* [Directions for this task] The entries are to be output once more, word for word.

Records from a data source:

______________________________

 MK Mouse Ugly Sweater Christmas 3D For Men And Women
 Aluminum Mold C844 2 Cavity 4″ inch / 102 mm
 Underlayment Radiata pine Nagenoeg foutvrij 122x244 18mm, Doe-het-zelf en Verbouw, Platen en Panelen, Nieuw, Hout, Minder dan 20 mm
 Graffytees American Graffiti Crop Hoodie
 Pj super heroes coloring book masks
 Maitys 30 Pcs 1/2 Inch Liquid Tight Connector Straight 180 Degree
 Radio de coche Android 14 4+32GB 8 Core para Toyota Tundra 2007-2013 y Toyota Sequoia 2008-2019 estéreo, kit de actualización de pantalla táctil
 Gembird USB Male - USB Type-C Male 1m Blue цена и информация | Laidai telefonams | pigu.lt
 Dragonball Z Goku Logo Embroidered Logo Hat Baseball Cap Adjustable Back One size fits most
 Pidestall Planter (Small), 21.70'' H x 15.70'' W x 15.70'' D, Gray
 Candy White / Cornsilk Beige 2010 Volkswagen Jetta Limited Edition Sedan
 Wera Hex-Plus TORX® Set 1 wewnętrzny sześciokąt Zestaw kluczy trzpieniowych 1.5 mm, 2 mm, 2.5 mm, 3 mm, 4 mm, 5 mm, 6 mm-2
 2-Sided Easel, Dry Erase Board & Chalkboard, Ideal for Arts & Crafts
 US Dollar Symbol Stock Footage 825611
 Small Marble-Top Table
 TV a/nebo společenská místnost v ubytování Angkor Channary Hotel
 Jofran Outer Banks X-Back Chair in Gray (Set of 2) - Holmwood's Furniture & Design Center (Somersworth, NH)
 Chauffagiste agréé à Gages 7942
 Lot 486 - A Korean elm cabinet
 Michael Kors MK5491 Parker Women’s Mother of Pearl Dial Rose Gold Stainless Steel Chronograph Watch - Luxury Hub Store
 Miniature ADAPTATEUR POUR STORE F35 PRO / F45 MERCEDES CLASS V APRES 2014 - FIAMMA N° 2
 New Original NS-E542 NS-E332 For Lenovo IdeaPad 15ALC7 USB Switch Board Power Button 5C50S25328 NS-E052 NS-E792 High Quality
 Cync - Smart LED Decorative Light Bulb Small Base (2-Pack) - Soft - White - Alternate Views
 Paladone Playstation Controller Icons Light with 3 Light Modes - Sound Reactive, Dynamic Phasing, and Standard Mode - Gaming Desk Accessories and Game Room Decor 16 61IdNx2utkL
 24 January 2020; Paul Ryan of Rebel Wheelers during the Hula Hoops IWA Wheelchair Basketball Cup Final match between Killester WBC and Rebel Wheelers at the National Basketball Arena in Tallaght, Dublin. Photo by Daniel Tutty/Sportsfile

______________________________

* [Solution to this exercise]
 MK Mouse Ugly Sweater Christmas 3D For Men And Women
 Aluminum Mold C844 2 Cavity 4″ inch / 102 mm
 Underlayment Radiata pine Nagenoeg foutvrij 122x244 18mm, Doe-het-zelf en Verbouw, Platen en Panelen, Nieuw, Hout, Minder dan 20 mm
 Graffytees American Graffiti Crop Hoodie
 Pj super heroes coloring book masks
 Maitys 30 Pcs 1/2 Inch Liquid Tight Connector Straight 180 Degree
 Radio de coche Android 14 4+32GB 8 Core para Toyota Tundra 2007-2013 y Toyota Sequoia 2008-2019 estéreo, kit de actualización de pantalla táctil
 Gembird USB Male - USB Type-C Male 1m Blue цена и информация | Laidai telefonams | pigu.lt
 Dragonball Z Goku Logo Embroidered Logo Hat Baseball Cap Adjustable Back One size fits most
 Pidestall Planter (Small), 21.70'' H x 15.70'' W x 15.70'' D, Gray
 Candy White / Cornsilk Beige 2010 Volkswagen Jetta Limited Edition Sedan
 Wera Hex-Plus TORX® Set 1 wewnętrzny sześciokąt Zestaw kluczy trzpieniowych 1.5 mm, 2 mm, 2.5 mm, 3 mm, 4 mm, 5 mm, 6 mm-2
 2-Sided Easel, Dry Erase Board & Chalkboard, Ideal for Arts & Crafts
 US Dollar Symbol Stock Footage 825611
 Small Marble-Top Table
 TV a/nebo společenská místnost v ubytování Angkor Channary Hotel
 Jofran Outer Banks X-Back Chair in Gray (Set of 2) - Holmwood's Furniture & Design Center (Somersworth, NH)
 Chauffagiste agréé à Gages 7942
 Lot 486 - A Korean elm cabinet
 Michael Kors MK5491 Parker Women’s Mother of Pearl Dial Rose Gold Stainless Steel Chronograph Watch - Luxury Hub Store
 Miniature ADAPTATEUR POUR STORE F35 PRO / F45 MERCEDES CLASS V APRES 2014 - FIAMMA N° 2
 New Original NS-E542 NS-E332 For Lenovo IdeaPad 15ALC7 USB Switch Board Power Button 5C50S25328 NS-E052 NS-E792 High Quality
 Cync - Smart LED Decorative Light Bulb Small Base (2-Pack) - Soft - White - Alternate Views
 Paladone Playstation Controller Icons Light with 3 Light Modes - Sound Reactive, Dynamic Phasing, and Standard Mode - Gaming Desk Accessories and Game Room Decor 16 61IdNx2utkL
 24 January 2020; Paul Ryan of Rebel Wheelers during the Hula Hoops IWA Wheelchair Basketball Cup Final match between Killester WBC and Rebel Wheelers at the National Basketball Arena in Tallaght, Dublin. Photo by Daniel Tutty/Sportsfile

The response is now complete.